NLP tasks involve breaking down human text or speech into smaller, understandable parts for computer programs:
  • Part-of-Speech Tagging: Tagging words in a sentence based on their context (nouns, verbs, etc.).
  • Word-Sense Disambiguation: Identifying the correct meaning of a word based on context.
  • Speech Recognition: Converting voice data into text, handling accents, intonation, and grammar irregularities.
  • Machine Translation: Translating text or speech from one language to another while maintaining contextual accuracy.
  • Named-Entity Recognition: Identifying and categorizing unique names (people, places, etc.) in text.
  • Sentiment Analysis: Interpreting the emotional tone behind textual data.

Approaches to NLP

Supervised NLP: Training models with labeled data to produce correct outputs for new inputs.
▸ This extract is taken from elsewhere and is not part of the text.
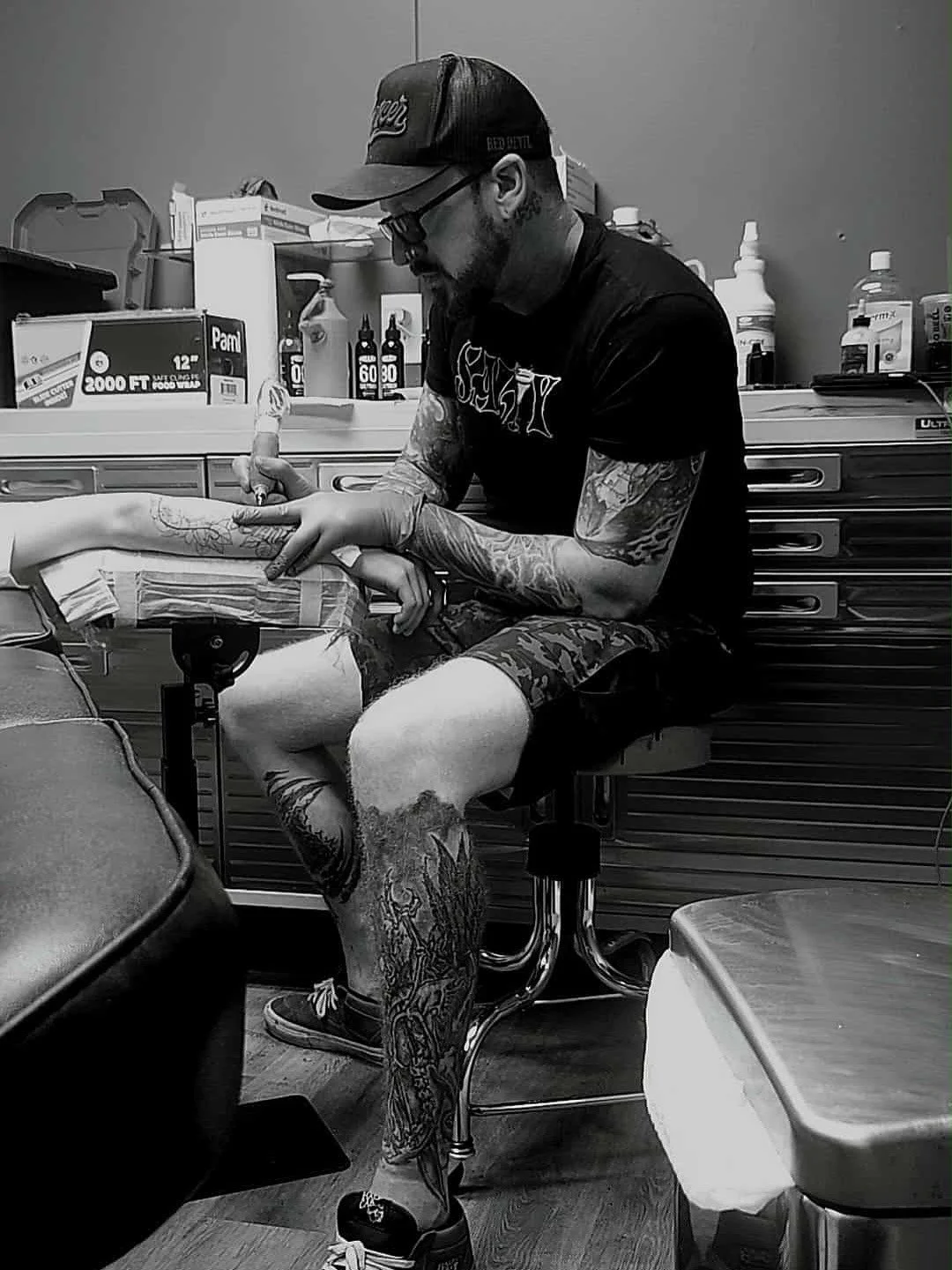 A tattoo artist working on a client's arm in a tattoo studio.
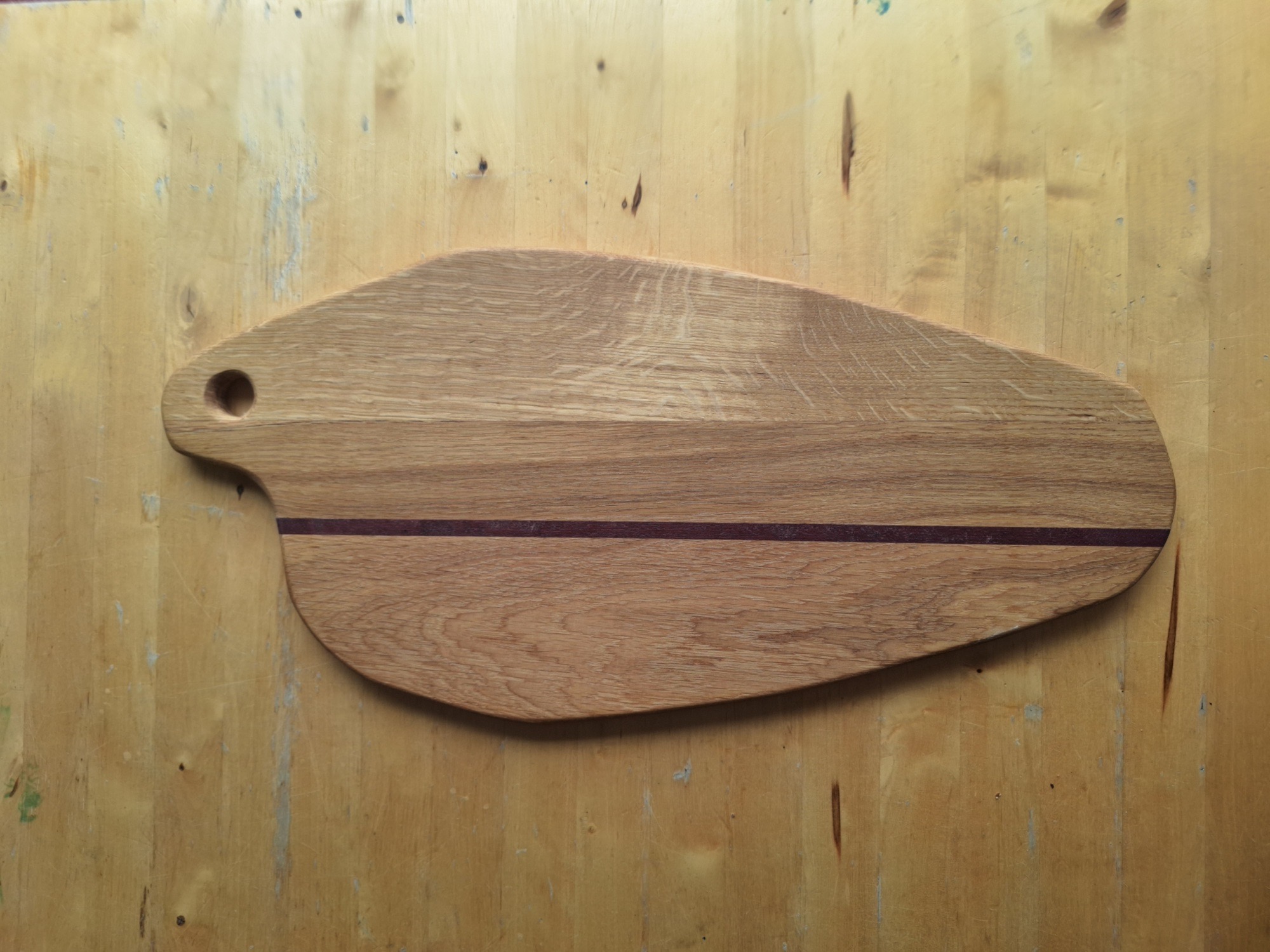 Hand-carved oak serving board with contrasting inlay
Unsupervised NLP: Using statistical models to predict patterns in non-labeled input, such as suggesting relevant words in autocomplete features.
Natural Language Understanding (NLU): Analyzing the meaning behind sentences to find similar meanings and process words with different interpretations.
Natural Language Generation (NLG): Producing human-like conversational text based on keywords or topics, enhancing chatbot interactions to resemble human support.